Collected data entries
=-=-=-=-=
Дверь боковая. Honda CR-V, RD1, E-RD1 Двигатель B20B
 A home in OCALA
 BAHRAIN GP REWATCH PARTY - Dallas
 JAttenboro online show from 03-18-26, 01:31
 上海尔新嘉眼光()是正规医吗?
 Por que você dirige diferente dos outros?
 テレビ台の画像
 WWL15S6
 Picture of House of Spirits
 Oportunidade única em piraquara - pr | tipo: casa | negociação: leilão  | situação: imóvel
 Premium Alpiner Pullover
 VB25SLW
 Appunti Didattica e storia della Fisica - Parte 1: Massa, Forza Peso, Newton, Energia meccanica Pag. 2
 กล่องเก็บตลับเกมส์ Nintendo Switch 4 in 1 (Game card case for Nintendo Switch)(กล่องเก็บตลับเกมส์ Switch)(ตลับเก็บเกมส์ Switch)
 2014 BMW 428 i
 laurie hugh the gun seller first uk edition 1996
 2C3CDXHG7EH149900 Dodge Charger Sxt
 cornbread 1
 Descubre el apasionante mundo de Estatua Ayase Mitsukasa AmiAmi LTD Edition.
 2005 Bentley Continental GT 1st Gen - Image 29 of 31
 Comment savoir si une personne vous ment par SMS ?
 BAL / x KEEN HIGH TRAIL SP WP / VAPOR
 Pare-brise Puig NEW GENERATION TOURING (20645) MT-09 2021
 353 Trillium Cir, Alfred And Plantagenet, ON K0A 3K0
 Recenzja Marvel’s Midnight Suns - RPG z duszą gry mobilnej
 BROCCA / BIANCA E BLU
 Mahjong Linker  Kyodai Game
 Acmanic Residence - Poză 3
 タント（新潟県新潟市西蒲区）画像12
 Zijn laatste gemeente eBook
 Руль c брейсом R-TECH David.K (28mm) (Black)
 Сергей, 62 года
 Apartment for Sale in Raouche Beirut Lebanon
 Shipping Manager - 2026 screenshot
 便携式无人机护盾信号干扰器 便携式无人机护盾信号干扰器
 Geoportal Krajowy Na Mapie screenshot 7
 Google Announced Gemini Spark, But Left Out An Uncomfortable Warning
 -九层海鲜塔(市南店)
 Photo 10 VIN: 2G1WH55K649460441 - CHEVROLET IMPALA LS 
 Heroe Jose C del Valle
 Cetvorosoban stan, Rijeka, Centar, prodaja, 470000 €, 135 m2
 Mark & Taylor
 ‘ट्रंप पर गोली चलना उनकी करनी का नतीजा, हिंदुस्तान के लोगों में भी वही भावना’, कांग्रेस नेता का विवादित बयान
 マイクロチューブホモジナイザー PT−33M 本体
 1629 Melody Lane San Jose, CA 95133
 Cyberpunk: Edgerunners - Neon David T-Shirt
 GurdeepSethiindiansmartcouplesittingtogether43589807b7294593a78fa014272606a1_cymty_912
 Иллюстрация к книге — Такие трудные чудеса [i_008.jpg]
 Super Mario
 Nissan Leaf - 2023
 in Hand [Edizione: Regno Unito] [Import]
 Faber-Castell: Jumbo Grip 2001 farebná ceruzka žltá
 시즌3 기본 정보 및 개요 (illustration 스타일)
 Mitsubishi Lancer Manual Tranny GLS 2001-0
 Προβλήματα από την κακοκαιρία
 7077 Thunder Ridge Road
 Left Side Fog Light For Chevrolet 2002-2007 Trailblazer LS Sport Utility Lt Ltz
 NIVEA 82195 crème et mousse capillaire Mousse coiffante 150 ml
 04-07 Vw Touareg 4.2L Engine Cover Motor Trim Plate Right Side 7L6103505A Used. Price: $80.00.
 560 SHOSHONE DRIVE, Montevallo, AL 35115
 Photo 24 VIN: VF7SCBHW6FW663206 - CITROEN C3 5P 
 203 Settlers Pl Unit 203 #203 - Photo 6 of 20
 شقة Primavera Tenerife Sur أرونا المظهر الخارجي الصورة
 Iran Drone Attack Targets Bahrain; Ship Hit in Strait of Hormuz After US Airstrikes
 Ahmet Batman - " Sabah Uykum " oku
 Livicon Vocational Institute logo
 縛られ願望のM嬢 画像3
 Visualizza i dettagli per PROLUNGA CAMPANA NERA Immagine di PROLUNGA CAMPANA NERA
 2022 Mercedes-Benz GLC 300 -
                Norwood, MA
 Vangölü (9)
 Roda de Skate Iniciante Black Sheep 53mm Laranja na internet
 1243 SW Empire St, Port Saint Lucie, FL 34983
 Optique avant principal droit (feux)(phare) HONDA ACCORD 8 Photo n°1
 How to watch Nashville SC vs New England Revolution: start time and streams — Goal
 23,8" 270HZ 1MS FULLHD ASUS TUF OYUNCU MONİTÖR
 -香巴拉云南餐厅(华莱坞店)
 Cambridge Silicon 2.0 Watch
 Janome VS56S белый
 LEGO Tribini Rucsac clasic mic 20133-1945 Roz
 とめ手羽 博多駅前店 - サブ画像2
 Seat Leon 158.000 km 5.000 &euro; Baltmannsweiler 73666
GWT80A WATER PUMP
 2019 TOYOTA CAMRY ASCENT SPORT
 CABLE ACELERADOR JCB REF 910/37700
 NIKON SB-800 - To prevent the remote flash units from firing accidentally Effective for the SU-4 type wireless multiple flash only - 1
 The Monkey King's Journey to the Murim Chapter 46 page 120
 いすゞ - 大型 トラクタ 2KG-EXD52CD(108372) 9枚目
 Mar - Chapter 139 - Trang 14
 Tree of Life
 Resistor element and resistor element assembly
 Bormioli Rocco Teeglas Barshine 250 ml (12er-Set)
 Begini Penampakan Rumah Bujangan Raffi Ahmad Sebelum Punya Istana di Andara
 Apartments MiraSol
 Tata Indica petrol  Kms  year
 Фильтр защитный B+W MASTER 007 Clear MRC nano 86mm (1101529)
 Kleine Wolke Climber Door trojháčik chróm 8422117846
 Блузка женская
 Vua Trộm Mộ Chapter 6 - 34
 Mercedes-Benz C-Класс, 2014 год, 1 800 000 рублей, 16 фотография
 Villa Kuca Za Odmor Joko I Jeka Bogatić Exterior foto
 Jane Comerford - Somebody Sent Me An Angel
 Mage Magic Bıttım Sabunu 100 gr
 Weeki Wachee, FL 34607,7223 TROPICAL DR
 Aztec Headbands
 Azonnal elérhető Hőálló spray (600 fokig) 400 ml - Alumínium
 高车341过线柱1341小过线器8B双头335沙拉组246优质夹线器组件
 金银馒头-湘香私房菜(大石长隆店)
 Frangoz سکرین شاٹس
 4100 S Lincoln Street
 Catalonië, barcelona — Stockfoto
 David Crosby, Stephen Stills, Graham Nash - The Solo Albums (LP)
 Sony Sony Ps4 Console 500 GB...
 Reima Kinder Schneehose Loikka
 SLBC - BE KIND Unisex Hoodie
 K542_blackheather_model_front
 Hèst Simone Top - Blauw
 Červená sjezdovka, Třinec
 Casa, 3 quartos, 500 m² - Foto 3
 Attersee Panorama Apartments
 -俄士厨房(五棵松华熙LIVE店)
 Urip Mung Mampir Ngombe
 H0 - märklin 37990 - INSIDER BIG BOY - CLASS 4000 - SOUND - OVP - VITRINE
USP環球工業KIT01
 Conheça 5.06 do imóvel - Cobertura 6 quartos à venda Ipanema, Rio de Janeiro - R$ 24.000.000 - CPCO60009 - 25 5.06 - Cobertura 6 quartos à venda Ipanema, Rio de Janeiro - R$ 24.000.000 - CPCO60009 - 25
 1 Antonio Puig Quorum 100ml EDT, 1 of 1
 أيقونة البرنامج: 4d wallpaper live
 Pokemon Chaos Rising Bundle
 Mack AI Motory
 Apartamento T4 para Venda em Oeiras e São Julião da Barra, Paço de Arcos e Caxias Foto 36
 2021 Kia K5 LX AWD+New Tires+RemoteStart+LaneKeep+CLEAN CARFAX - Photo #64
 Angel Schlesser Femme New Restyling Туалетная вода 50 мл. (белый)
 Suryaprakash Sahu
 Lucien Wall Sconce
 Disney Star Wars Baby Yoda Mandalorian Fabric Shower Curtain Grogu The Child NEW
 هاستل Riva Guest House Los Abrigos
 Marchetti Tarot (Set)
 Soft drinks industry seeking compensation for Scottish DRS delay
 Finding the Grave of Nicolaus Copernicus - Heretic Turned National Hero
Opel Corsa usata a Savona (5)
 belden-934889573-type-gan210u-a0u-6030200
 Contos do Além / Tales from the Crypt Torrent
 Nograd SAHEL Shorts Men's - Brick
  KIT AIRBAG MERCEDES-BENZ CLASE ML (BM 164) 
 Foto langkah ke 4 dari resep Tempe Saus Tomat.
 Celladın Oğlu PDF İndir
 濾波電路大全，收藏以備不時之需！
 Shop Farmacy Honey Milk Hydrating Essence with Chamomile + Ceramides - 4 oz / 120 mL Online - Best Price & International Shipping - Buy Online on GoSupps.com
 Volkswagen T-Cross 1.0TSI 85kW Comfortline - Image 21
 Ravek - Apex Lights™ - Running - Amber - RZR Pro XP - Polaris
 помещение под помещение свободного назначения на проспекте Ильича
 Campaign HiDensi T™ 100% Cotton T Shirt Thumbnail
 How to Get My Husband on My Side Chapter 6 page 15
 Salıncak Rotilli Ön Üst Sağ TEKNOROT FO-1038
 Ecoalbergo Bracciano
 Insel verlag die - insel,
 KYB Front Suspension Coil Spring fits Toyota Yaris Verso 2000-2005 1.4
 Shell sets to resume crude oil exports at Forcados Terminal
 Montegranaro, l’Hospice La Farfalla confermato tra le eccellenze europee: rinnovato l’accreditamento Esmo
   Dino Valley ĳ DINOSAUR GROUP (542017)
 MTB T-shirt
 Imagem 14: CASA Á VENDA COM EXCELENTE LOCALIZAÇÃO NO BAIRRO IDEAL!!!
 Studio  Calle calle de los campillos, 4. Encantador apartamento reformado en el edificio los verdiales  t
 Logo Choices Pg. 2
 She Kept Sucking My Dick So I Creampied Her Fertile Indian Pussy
=-=-=-=-=
▶ _Your goal_
Return only those lines that run from the one containing "Imagem 14: CASA" through the end of the entries, keeping each exactly as written.

▶ _Task output_
 Imagem 14: CASA Á VENDA COM EXCELENTE LOCALIZAÇÃO NO BAIRRO IDEAL!!!
 Studio  Calle calle de los campillos, 4. Encantador apartamento reformado en el edificio los verdiales  t
 Logo Choices Pg. 2
 She Kept Sucking My Dick So I Creampied Her Fertile Indian Pussy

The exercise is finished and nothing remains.